#### Materials provided ####
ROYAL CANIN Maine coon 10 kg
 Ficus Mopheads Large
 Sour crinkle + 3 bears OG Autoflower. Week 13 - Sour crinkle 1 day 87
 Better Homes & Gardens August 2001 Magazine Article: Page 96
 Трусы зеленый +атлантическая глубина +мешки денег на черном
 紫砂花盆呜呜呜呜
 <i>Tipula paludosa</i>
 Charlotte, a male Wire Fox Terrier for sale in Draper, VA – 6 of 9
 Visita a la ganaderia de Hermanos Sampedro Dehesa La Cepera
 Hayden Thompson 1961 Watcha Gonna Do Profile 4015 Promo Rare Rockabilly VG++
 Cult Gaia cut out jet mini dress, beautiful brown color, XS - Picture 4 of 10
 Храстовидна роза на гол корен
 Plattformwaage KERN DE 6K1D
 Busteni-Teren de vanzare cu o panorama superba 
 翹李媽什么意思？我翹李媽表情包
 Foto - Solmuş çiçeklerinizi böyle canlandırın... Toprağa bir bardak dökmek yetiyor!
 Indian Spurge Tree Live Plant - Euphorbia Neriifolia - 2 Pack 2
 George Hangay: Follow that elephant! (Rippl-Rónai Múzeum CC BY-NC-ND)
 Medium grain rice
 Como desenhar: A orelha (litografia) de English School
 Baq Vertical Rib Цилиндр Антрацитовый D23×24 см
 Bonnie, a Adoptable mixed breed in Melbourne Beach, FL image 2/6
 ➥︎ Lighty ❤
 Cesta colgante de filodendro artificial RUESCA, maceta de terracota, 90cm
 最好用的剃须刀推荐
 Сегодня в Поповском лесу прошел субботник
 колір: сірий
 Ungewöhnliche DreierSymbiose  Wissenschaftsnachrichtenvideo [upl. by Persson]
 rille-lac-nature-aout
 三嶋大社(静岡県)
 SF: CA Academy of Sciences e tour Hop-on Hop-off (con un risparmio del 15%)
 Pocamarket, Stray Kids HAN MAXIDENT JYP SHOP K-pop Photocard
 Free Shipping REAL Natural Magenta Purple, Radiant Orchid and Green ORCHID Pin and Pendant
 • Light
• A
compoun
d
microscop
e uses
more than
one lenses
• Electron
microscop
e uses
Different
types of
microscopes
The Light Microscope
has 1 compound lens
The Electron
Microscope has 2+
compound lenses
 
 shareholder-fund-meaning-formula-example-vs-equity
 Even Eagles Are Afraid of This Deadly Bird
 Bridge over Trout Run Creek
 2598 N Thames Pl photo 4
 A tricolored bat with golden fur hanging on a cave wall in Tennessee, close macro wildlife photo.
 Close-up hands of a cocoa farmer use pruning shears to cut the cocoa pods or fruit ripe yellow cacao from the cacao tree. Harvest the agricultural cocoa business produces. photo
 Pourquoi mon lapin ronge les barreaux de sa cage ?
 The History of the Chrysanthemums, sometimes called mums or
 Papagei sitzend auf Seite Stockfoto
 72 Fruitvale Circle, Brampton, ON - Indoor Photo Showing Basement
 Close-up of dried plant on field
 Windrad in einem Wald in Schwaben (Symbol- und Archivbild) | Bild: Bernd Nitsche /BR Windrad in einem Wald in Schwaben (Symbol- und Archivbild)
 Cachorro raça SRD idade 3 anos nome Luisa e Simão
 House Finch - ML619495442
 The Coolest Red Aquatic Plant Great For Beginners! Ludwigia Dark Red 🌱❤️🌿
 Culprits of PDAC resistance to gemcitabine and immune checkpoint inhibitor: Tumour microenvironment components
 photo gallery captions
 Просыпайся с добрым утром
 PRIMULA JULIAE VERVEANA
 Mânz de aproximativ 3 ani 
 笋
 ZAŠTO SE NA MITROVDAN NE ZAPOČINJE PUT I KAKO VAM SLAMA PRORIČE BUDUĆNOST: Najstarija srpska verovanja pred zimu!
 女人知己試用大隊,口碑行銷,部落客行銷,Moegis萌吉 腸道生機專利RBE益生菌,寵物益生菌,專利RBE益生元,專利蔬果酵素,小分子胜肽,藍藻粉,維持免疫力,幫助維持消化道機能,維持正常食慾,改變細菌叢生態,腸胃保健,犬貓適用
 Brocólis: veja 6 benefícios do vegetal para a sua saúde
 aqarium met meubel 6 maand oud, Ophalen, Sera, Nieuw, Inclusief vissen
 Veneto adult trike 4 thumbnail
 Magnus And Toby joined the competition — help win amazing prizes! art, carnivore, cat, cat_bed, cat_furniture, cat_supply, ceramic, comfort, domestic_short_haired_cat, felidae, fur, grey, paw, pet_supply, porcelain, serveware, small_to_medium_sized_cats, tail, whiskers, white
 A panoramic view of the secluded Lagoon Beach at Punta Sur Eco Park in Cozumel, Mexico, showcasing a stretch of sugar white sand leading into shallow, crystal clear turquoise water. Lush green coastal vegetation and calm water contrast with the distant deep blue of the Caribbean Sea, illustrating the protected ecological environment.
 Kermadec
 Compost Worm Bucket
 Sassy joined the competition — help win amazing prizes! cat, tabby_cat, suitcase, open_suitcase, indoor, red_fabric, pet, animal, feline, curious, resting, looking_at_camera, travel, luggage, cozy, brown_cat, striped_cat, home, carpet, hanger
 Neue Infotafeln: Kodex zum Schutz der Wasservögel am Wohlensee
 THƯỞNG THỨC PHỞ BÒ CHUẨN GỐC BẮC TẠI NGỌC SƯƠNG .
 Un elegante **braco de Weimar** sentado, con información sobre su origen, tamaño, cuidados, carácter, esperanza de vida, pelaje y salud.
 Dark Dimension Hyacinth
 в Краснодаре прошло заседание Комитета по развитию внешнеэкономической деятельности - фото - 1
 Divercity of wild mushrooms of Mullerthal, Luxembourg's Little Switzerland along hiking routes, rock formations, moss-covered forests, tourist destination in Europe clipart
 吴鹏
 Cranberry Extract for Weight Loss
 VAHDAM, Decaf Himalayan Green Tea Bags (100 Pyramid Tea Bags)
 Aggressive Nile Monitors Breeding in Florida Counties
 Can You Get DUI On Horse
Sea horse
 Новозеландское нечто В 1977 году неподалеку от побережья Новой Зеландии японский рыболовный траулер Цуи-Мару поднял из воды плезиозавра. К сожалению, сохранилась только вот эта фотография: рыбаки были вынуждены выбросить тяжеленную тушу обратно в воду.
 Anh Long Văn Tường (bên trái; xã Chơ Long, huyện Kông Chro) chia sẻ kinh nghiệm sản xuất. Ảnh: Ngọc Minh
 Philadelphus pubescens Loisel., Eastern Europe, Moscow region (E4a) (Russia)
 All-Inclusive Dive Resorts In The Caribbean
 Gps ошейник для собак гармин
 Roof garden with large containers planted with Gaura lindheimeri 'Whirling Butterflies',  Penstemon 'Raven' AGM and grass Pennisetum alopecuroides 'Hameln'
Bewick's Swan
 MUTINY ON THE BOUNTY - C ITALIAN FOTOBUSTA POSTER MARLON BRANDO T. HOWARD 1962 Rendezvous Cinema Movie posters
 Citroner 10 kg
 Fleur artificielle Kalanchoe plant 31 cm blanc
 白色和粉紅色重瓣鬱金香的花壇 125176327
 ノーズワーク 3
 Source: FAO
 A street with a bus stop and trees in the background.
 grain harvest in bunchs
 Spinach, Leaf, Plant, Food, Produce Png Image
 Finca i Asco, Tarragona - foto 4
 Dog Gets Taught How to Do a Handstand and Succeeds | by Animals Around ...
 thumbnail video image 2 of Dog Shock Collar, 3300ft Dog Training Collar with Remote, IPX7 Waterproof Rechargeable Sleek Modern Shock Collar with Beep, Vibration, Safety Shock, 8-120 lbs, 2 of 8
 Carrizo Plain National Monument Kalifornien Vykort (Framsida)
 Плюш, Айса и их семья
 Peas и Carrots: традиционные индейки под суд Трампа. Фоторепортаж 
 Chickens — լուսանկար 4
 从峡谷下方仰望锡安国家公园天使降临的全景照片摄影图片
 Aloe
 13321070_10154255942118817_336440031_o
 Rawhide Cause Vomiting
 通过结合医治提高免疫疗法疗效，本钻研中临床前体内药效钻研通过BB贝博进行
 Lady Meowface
####
» **Assignment**
In the entries above, identify every line with the word "amazing". Copy those lines.

» **Output of the exercise**
 Magnus And Toby joined the competition — help win amazing prizes! art, carnivore, cat, cat_bed, cat_furniture, cat_supply, ceramic, comfort, domestic_short_haired_cat, felidae, fur, grey, paw, pet_supply, porcelain, serveware, small_to_medium_sized_cats, tail, whiskers, white
 Sassy joined the competition — help win amazing prizes! cat, tabby_cat, suitcase, open_suitcase, indoor, red_fabric, pet, animal, feline, curious, resting, looking_at_camera, travel, luggage, cozy, brown_cat, striped_cat, home, carpet, hanger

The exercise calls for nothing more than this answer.